Intuitively, one structure should be "computable relative to" another if there is an algorithm for converting the latter into the former. This is a bit messy to make precise, however, since we only have a good computability theory for sets of natural numbers rather than arbitrary structures. We can largely repair this by talking about copies (with domain $\subseteq\omega$) instead: say that $\mathcal{A}$ is simpler than $\mathcal{B}$ if every copy of $\mathcal{B}$ computes a copy of $\mathcal{A}$.
There is still a subtlety here, namely: what level of uniformity do we demand? On one side we have the fully-uniform reducibility, Medvedev (or strong) reducibility: $\mathcal{A}\le_s\mathcal{B}$ if there is some Turing machine $\Phi_e$ such that $\Phi_e^B$ is a copy of $\mathcal{A}$ whenever $B$ is a copy of $\mathcal{B}$ (here conflating $B$ with the set of natural numbers coding its atomic diagram). On the other side we have the fully-nonuniform reducibility, Muchnik (or weak) reducibility: $\mathcal{A}\le_w\mathcal{B}$ if for every copy $B$ of $\mathcal{B}$, there is some $e\in\omega$ such that $\Phi_e^B$ is a copy of $\mathcal{A}$.

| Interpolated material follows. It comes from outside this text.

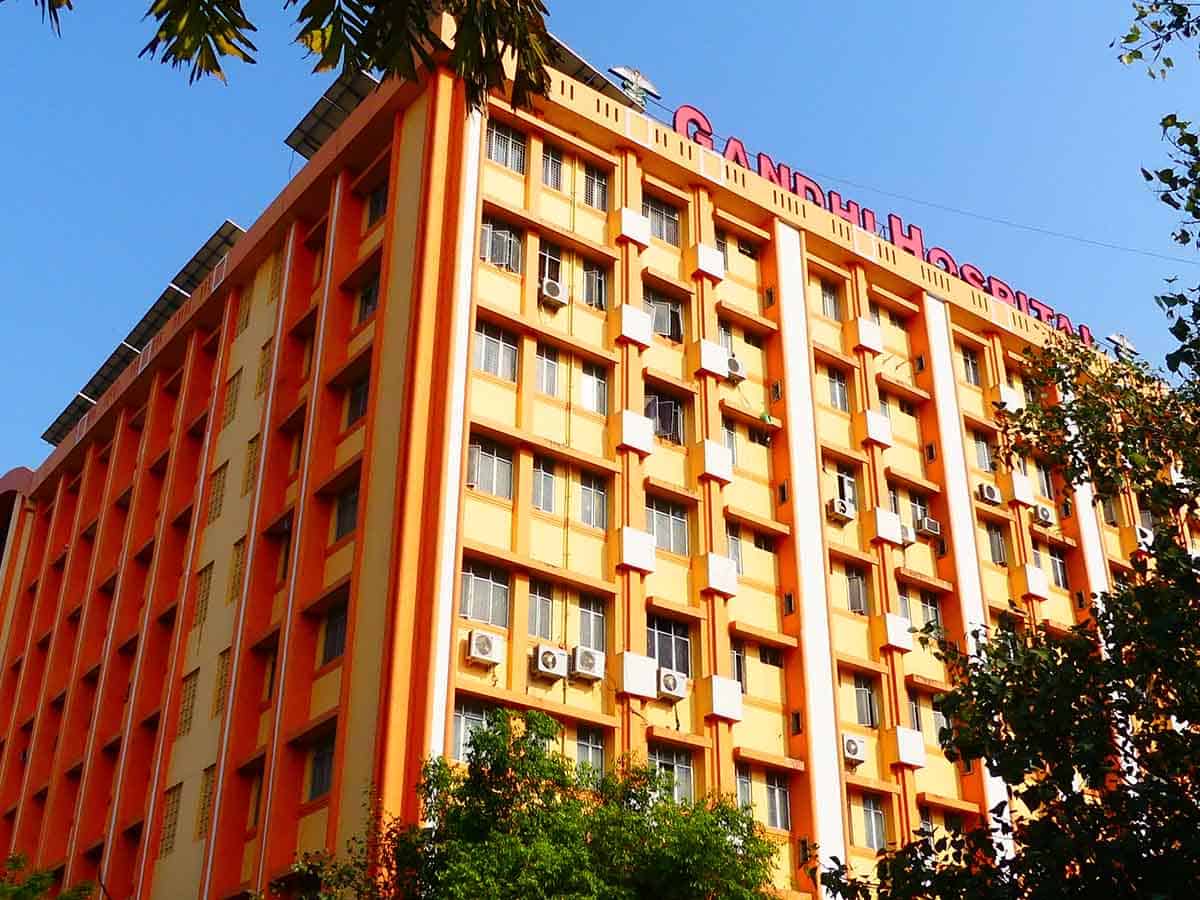 Hyderabad: Omicron suspect tries to escape Gandhi Hospital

It's easy to see that these behave quite differently. However, they are not the only options. One particularly interesting intermediate reducibility is Medvedev modulo parameters: $\mathcal{A}\le_{s/p}\mathcal{B}$ if there is some finite tuple $\overline{c}\in\mathcal{B}$ such that $\mathcal{A}\le_s(\mathcal{B},\overline{c})$, where $(\mathcal{B},\overline{c})$ denotes the structure gotten by adding constant symbols to explicitly name the elements of $\overline{c}$.

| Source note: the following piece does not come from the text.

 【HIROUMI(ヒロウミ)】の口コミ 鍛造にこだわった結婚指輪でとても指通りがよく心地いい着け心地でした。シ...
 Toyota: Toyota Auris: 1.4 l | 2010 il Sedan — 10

A reasonable (and apparently common) guess is that $\le_{s/p}$ is just $\le_w$. However, this turns out to be wrong: while a standard forcing argument shows that if $\mathcal{A}\le_w\mathcal{B}$ then there is some tuple $\overline{c}$ and some $e\in\omega$ such that $\Phi_e^{B}$ is a copy of $\mathcal{A}$ whenever $B$ is a sufficiently generic copy of $(\mathcal{B}, \overline{c})$, it turns out that the genericity requirement is crucial (note that there are times it can be removed).
The only counterexample I know is due to Kalimullin, and while quite nice is definitely artificial. My question is:
Are there any natural examples of structures $\mathcal{A},\mathcal{B}$ such that $\mathcal{A}\le_w\mathcal{B}$ but $\mathcal{A}\not\le_{s/p}\mathcal{B}$?
Incidentally, in light of Kalimullin's counterexample I think $\le_{s/p}$ is much more mysterious than it may appear. For example, I don't think it's known whether it is in fact transitive despite the notation (and I suspect it isn't transitive in general).
More interestingly, I would love to know hypotheses which guarantee good behavior: e.g. for what $\mathcal{B}$ do we have $\mathcal{A}\le_w\mathcal{B}\iff\mathcal{A}\le_{s/p}\mathcal{B}$? But I think such questions are probably extremely hard, so I'm focusing on the concrete one above.